Step 2: Create Your Deme Class

Next, create a deme class that inherits from AbstractDeme. This class must implement the required interface:

import numpy as np
from pyhms.core.individual import Individual
from pyhms.demes.abstract_deme import AbstractDeme, DemeInitArgs

class RandomSearchDeme(AbstractDeme):
    def __init__(
        self,
        deme_init_args: DemeInitArgs,
    ) -> None:
        super().__init__(deme_init_args)
        config: RandomSearchConfig = deme_init_args.config  # type: ignore[assignment]
        self._pop_size = config.pop_size
        self.lower_bounds = config.bounds[:, 0]
        self.upper_bounds = config.bounds[:, 1]
        self.rng = np.random.RandomState(deme_init_args.random_seed)
        self.run()

    def run_metaepoch(self, tree) -> None:
        new_population = self._run_step()
        self._history.append(new_population)
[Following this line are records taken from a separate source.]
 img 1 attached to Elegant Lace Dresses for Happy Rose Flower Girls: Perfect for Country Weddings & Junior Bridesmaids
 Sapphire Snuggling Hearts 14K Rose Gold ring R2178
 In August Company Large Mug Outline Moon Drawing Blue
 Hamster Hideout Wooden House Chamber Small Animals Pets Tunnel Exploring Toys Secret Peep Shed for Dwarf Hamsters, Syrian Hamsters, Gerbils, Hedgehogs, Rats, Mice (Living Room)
        if (gsc_value := tree._gsc(tree)) or self._lsc(self):
            self._active = False
            self.log("Random Search Deme finished")
            return

    def _run_step(self) -> list[Individual]:
        genomes = np.random.uniform(
            self.lower_bounds,
            self.upper_bounds,
            size=(self._pop_size, len(self.lower_bounds))
        )
        population = [Individual(genome, problem=self._problem) for genome in genomes]
        Individual.evaluate_population(population)
        return population

Understanding DemeInitArgs

When implementing a custom deme, you’ll receive a DemeInitArgs object in the constructor. This dataclass contains all the necessary initialization parameters for your deme:

@dataclass
class DemeInitArgs:
    id: str
    level: int
    config: BaseLevelConfig
    logger: FilteringBoundLogger
    started_at: int = 0
    sprout_seed: Individual | None = None
    random_seed: int | None = None
    parent_deme: AbstractDeme | None = None

Understanding these fields:

  • id: A unique string identifier for your deme

  • level: The hierarchical level in the HMS tree (starts at 0 for root)
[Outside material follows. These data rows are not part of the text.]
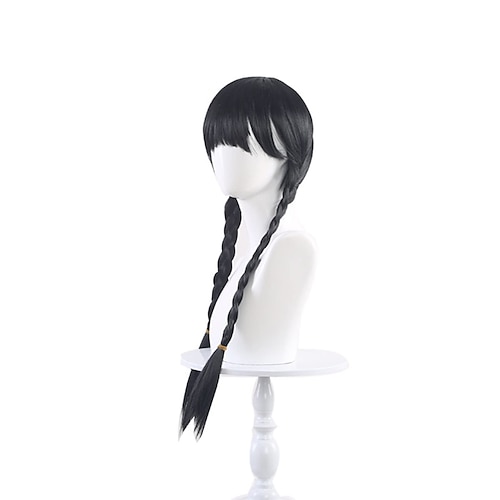 parrucca intrecciata lunga nera diritta per mercoledì Addams mercoledì  Addams trecce capelli per bambini ragazza festa cosplay del 2023 a $14.99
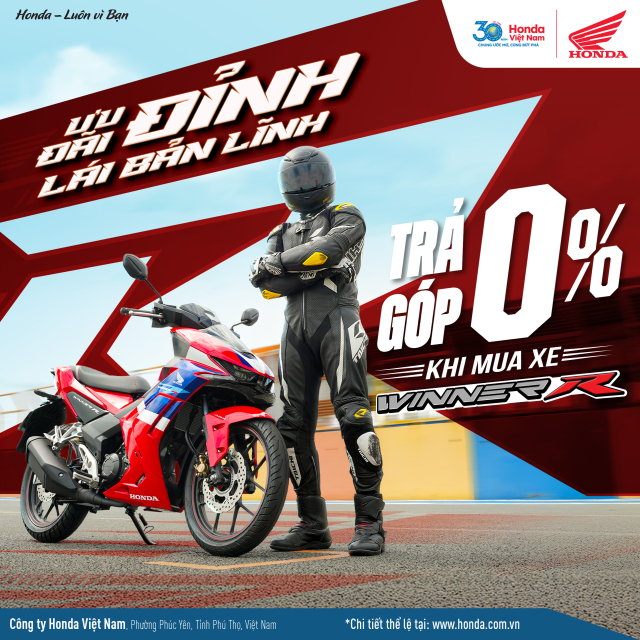 Honda việt nam triển khai chương trình ưu đãi lãi suất 0 cực hấp dẫn cho winner r - 1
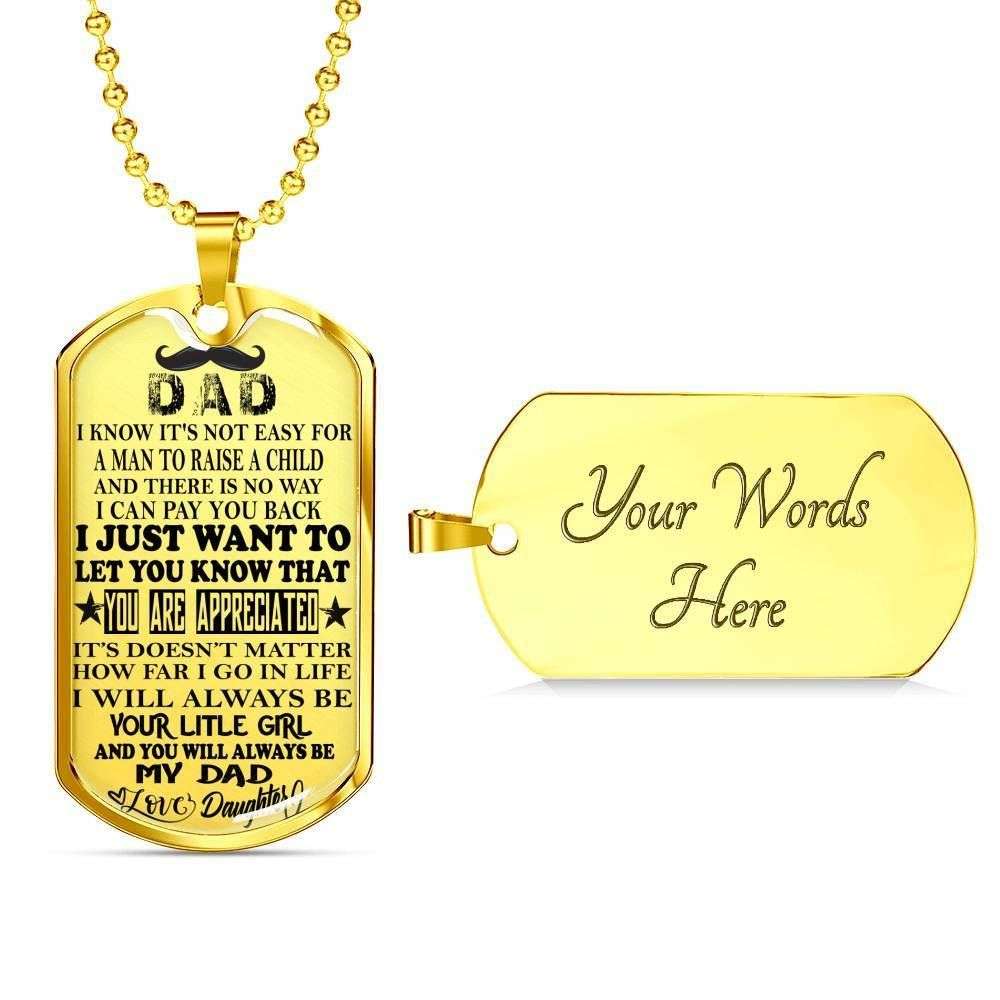 Dad Dog Tag Father’S Day Gift, Custom You Are Appreciated Dog Tag Military Chain Necklace Giving Daddy Dog Tag Father's Day Rakva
  • config: Your custom configuration class instance that inherits from BaseLevelConfig

  • logger: A structured logger for outputting debug information

  • started_at: The metaepoch number when this deme was created

  • sprout_seed: For non-root demes, this is the first individual that sprouted this deme

  • random_seed: A seed for random number generation to ensure reproducibility

  • parent_deme: Reference to the parent deme that sprouted this deme (None for root demes)
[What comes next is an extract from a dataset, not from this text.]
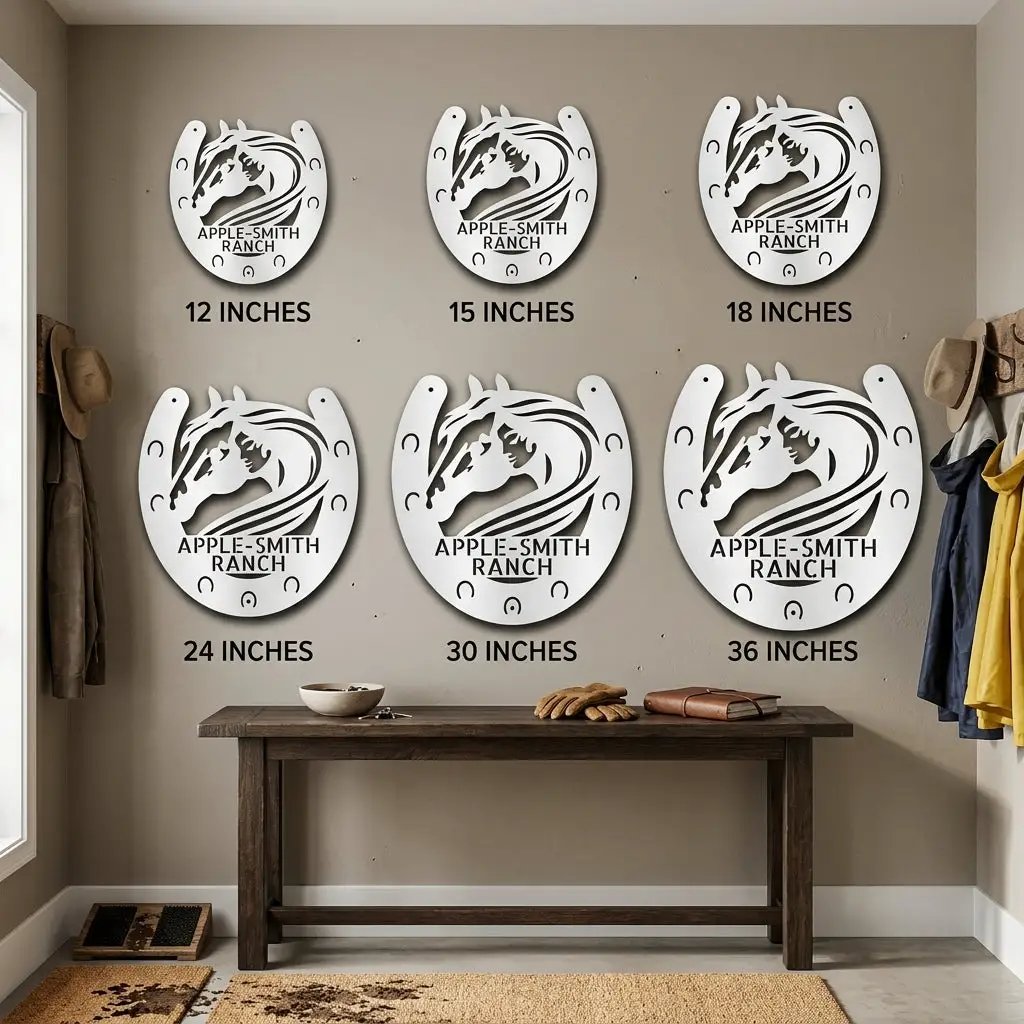 Personalized Horse & Horseshoe Metal Wall Art | Custom Ranch Name Sign | Equestrian Wall Decor | Western Farmhouse Metal Sign | Made in USA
In your custom deme implementation, you’ll typically:

  1. Pass the DemeInitArgs object to the parent constructor

  2. Cast the config field to your specific config class type

  3. Access the configuration parameters you need

  4. Use the provided random seed for any randomized operations

Step 3: Register and Use Your Custom Deme

Finally, register your custom deme by creating a mapping from your config class to your deme class and passing it to the hms function:

from pyhms import hms
from pyhms.stop_conditions import DontStop, MetaepochLimit

# Create your deme configuration
random_search_config = RandomSearchConfig(
    problem=your_problem,
    lsc=DontStop(),
    pop_size=100
)

# Define the mapping from config class to deme class
config_class_to_deme_class = {
    RandomSearchConfig: RandomSearchDeme
}

# Use your custom deme in pyHMS
result = hms(
    level_config=[random_search_config],
    gsc=MetaepochLimit(10),
    sprout_cond=your_sprout_condition,
    config_class_to_deme_class=config_class_to_deme_class
)

Important AbstractDeme Properties and Methods

When implementing your custom deme, you can use the following properties and methods from the AbstractDeme base class:

  • self._problem: The optimization problem

  • self._bounds: The bounds of the search space

  • self._active: A flag indicating if the deme is active

  • self._history: History of populations (list of lists of individuals)

  • self.log(message): Log a message with additional meta information

  • self.centroid: Compute the centroid of the current population

  • self.best_individual: Get the best individual found by the deme

  • self.current_population: Get the current population

The most important method you must implement is run_metaepoch(self, tree), which is called in each meta-epoch of the HMS algorithm.